WHAT THIS TASK INVOLVES
Please output each entry in the material beneath exactly as shown.

SUPPLIED MATERIAL
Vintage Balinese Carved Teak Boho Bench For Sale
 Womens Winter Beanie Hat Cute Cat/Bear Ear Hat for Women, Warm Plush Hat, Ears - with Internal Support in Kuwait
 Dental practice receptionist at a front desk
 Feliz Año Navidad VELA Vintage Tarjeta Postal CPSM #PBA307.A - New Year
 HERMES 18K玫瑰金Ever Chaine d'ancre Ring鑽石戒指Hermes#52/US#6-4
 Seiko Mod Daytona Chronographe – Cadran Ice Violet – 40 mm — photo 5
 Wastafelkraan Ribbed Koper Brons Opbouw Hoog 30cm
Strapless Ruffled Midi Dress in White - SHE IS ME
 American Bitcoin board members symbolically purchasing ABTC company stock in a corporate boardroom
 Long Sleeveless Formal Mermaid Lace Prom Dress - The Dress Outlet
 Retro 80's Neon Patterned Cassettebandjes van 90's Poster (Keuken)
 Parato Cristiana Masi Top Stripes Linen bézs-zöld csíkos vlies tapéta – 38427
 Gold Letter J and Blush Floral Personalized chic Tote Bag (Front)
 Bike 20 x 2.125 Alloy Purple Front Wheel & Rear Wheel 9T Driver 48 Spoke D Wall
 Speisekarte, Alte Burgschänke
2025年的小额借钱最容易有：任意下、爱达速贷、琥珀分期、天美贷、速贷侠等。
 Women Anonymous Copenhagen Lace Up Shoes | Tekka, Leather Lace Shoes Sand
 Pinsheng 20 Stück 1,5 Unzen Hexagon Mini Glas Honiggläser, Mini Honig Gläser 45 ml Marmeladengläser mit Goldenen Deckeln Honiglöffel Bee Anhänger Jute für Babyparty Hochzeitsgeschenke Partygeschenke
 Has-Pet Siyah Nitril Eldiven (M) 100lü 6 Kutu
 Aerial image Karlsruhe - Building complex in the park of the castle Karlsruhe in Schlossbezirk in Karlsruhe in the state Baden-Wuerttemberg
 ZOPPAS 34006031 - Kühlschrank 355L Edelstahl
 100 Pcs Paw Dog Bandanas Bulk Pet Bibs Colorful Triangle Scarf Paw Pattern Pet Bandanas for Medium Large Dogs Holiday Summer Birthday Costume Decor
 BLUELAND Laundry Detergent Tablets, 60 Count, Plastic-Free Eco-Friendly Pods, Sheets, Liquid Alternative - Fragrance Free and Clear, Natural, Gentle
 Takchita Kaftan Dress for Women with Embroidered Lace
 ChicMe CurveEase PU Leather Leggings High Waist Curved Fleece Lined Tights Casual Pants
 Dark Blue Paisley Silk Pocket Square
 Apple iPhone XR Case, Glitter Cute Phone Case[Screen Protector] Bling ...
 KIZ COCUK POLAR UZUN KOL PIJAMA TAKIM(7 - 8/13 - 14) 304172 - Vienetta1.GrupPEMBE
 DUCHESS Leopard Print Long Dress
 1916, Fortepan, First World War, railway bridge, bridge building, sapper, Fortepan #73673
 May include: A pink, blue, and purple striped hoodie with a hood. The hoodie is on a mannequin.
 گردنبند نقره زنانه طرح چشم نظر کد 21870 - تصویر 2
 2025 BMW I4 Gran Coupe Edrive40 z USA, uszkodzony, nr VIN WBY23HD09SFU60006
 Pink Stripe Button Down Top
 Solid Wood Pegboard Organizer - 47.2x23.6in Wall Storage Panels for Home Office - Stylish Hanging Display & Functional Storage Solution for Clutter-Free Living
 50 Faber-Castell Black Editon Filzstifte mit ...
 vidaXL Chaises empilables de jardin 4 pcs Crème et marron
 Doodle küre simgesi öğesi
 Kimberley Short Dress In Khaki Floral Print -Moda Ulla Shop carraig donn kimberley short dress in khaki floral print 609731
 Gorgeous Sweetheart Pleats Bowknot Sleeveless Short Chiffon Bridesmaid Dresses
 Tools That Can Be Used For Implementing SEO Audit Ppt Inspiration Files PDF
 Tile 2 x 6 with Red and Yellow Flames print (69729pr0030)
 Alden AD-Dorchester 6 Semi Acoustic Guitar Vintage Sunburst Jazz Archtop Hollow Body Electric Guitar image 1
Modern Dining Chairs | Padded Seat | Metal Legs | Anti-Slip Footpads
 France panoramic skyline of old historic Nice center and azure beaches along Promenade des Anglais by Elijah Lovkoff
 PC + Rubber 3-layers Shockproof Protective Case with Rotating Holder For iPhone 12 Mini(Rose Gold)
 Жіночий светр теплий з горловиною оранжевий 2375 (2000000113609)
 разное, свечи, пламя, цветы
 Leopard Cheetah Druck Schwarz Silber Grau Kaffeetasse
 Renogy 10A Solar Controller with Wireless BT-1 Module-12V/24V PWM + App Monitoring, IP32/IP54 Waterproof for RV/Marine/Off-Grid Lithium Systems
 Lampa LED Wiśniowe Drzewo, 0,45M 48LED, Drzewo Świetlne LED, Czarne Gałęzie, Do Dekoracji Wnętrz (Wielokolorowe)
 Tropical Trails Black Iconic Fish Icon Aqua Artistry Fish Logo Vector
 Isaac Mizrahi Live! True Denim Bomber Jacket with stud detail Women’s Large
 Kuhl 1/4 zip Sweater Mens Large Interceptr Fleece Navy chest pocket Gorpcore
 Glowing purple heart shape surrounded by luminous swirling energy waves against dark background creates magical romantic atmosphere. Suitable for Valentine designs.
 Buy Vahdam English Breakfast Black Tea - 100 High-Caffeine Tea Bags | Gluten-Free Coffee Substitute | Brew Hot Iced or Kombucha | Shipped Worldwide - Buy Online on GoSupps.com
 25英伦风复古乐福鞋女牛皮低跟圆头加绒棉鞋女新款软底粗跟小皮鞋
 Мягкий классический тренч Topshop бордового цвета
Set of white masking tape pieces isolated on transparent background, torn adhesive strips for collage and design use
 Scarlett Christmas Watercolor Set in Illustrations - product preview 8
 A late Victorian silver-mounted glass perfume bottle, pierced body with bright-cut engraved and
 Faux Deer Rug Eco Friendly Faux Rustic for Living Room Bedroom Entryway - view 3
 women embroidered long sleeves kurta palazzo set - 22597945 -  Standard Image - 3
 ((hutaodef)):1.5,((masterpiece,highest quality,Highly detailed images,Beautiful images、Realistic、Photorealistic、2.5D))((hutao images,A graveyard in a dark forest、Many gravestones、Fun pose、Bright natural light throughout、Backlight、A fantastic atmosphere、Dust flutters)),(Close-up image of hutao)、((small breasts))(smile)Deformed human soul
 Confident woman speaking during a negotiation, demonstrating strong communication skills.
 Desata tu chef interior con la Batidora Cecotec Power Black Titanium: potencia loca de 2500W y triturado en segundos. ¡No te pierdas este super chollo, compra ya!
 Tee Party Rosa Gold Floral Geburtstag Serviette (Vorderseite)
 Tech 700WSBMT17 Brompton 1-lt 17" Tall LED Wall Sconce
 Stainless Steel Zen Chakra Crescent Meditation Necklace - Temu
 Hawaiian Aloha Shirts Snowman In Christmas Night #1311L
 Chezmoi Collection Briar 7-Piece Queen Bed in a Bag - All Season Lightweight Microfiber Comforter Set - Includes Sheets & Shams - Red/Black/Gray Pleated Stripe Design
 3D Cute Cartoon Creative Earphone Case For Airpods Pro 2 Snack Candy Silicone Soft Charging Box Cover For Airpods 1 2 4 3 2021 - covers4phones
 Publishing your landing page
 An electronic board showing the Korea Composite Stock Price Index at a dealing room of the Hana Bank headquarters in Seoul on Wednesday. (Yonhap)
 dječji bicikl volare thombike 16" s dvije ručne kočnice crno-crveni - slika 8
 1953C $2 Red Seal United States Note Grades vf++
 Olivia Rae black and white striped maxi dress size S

SOLUTION FOR THIS EXERCISE
Vintage Balinese Carved Teak Boho Bench For Sale
 Womens Winter Beanie Hat Cute Cat/Bear Ear Hat for Women, Warm Plush Hat, Ears - with Internal Support in Kuwait
 Dental practice receptionist at a front desk
 Feliz Año Navidad VELA Vintage Tarjeta Postal CPSM #PBA307.A - New Year
 HERMES 18K玫瑰金Ever Chaine d'ancre Ring鑽石戒指Hermes#52/US#6-4
 Seiko Mod Daytona Chronographe – Cadran Ice Violet – 40 mm — photo 5
 Wastafelkraan Ribbed Koper Brons Opbouw Hoog 30cm
Strapless Ruffled Midi Dress in White - SHE IS ME
 American Bitcoin board members symbolically purchasing ABTC company stock in a corporate boardroom
 Long Sleeveless Formal Mermaid Lace Prom Dress - The Dress Outlet
 Retro 80's Neon Patterned Cassettebandjes van 90's Poster (Keuken)
 Parato Cristiana Masi Top Stripes Linen bézs-zöld csíkos vlies tapéta – 38427
 Gold Letter J and Blush Floral Personalized chic Tote Bag (Front)
 Bike 20 x 2.125 Alloy Purple Front Wheel & Rear Wheel 9T Driver 48 Spoke D Wall
 Speisekarte, Alte Burgschänke
2025年的小额借钱最容易有：任意下、爱达速贷、琥珀分期、天美贷、速贷侠等。
 Women Anonymous Copenhagen Lace Up Shoes | Tekka, Leather Lace Shoes Sand
 Pinsheng 20 Stück 1,5 Unzen Hexagon Mini Glas Honiggläser, Mini Honig Gläser 45 ml Marmeladengläser mit Goldenen Deckeln Honiglöffel Bee Anhänger Jute für Babyparty Hochzeitsgeschenke Partygeschenke
 Has-Pet Siyah Nitril Eldiven (M) 100lü 6 Kutu
 Aerial image Karlsruhe - Building complex in the park of the castle Karlsruhe in Schlossbezirk in Karlsruhe in the state Baden-Wuerttemberg
 ZOPPAS 34006031 - Kühlschrank 355L Edelstahl
 100 Pcs Paw Dog Bandanas Bulk Pet Bibs Colorful Triangle Scarf Paw Pattern Pet Bandanas for Medium Large Dogs Holiday Summer Birthday Costume Decor
 BLUELAND Laundry Detergent Tablets, 60 Count, Plastic-Free Eco-Friendly Pods, Sheets, Liquid Alternative - Fragrance Free and Clear, Natural, Gentle
 Takchita Kaftan Dress for Women with Embroidered Lace
 ChicMe CurveEase PU Leather Leggings High Waist Curved Fleece Lined Tights Casual Pants
 Dark Blue Paisley Silk Pocket Square
 Apple iPhone XR Case, Glitter Cute Phone Case[Screen Protector] Bling ...
 KIZ COCUK POLAR UZUN KOL PIJAMA TAKIM(7 - 8/13 - 14) 304172 - Vienetta1.GrupPEMBE
 DUCHESS Leopard Print Long Dress
 1916, Fortepan, First World War, railway bridge, bridge building, sapper, Fortepan #73673
 May include: A pink, blue, and purple striped hoodie with a hood. The hoodie is on a mannequin.
 گردنبند نقره زنانه طرح چشم نظر کد 21870 - تصویر 2
 2025 BMW I4 Gran Coupe Edrive40 z USA, uszkodzony, nr VIN WBY23HD09SFU60006
 Pink Stripe Button Down Top
 Solid Wood Pegboard Organizer - 47.2x23.6in Wall Storage Panels for Home Office - Stylish Hanging Display & Functional Storage Solution for Clutter-Free Living
 50 Faber-Castell Black Editon Filzstifte mit ...
 vidaXL Chaises empilables de jardin 4 pcs Crème et marron
 Doodle küre simgesi öğesi
 Kimberley Short Dress In Khaki Floral Print -Moda Ulla Shop carraig donn kimberley short dress in khaki floral print 609731
 Gorgeous Sweetheart Pleats Bowknot Sleeveless Short Chiffon Bridesmaid Dresses
 Tools That Can Be Used For Implementing SEO Audit Ppt Inspiration Files PDF
 Tile 2 x 6 with Red and Yellow Flames print (69729pr0030)
 Alden AD-Dorchester 6 Semi Acoustic Guitar Vintage Sunburst Jazz Archtop Hollow Body Electric Guitar image 1
Modern Dining Chairs | Padded Seat | Metal Legs | Anti-Slip Footpads
 France panoramic skyline of old historic Nice center and azure beaches along Promenade des Anglais by Elijah Lovkoff
 PC + Rubber 3-layers Shockproof Protective Case with Rotating Holder For iPhone 12 Mini(Rose Gold)
 Жіночий светр теплий з горловиною оранжевий 2375 (2000000113609)
 разное, свечи, пламя, цветы
 Leopard Cheetah Druck Schwarz Silber Grau Kaffeetasse
 Renogy 10A Solar Controller with Wireless BT-1 Module-12V/24V PWM + App Monitoring, IP32/IP54 Waterproof for RV/Marine/Off-Grid Lithium Systems
 Lampa LED Wiśniowe Drzewo, 0,45M 48LED, Drzewo Świetlne LED, Czarne Gałęzie, Do Dekoracji Wnętrz (Wielokolorowe)
 Tropical Trails Black Iconic Fish Icon Aqua Artistry Fish Logo Vector
 Isaac Mizrahi Live! True Denim Bomber Jacket with stud detail Women’s Large
 Kuhl 1/4 zip Sweater Mens Large Interceptr Fleece Navy chest pocket Gorpcore
 Glowing purple heart shape surrounded by luminous swirling energy waves against dark background creates magical romantic atmosphere. Suitable for Valentine designs.
 Buy Vahdam English Breakfast Black Tea - 100 High-Caffeine Tea Bags | Gluten-Free Coffee Substitute | Brew Hot Iced or Kombucha | Shipped Worldwide - Buy Online on GoSupps.com
 25英伦风复古乐福鞋女牛皮低跟圆头加绒棉鞋女新款软底粗跟小皮鞋
 Мягкий классический тренч Topshop бордового цвета
Set of white masking tape pieces isolated on transparent background, torn adhesive strips for collage and design use
 Scarlett Christmas Watercolor Set in Illustrations - product preview 8
 A late Victorian silver-mounted glass perfume bottle, pierced body with bright-cut engraved and
 Faux Deer Rug Eco Friendly Faux Rustic for Living Room Bedroom Entryway - view 3
 women embroidered long sleeves kurta palazzo set - 22597945 -  Standard Image - 3
 ((hutaodef)):1.5,((masterpiece,highest quality,Highly detailed images,Beautiful images、Realistic、Photorealistic、2.5D))((hutao images,A graveyard in a dark forest、Many gravestones、Fun pose、Bright natural light throughout、Backlight、A fantastic atmosphere、Dust flutters)),(Close-up image of hutao)、((small breasts))(smile)Deformed human soul
 Confident woman speaking during a negotiation, demonstrating strong communication skills.
 Desata tu chef interior con la Batidora Cecotec Power Black Titanium: potencia loca de 2500W y triturado en segundos. ¡No te pierdas este super chollo, compra ya!
 Tee Party Rosa Gold Floral Geburtstag Serviette (Vorderseite)
 Tech 700WSBMT17 Brompton 1-lt 17" Tall LED Wall Sconce
 Stainless Steel Zen Chakra Crescent Meditation Necklace - Temu
 Hawaiian Aloha Shirts Snowman In Christmas Night #1311L
 Chezmoi Collection Briar 7-Piece Queen Bed in a Bag - All Season Lightweight Microfiber Comforter Set - Includes Sheets & Shams - Red/Black/Gray Pleated Stripe Design
 3D Cute Cartoon Creative Earphone Case For Airpods Pro 2 Snack Candy Silicone Soft Charging Box Cover For Airpods 1 2 4 3 2021 - covers4phones
 Publishing your landing page
 An electronic board showing the Korea Composite Stock Price Index at a dealing room of the Hana Bank headquarters in Seoul on Wednesday. (Yonhap)
 dječji bicikl volare thombike 16" s dvije ručne kočnice crno-crveni - slika 8
 1953C $2 Red Seal United States Note Grades vf++
 Olivia Rae black and white striped maxi dress size S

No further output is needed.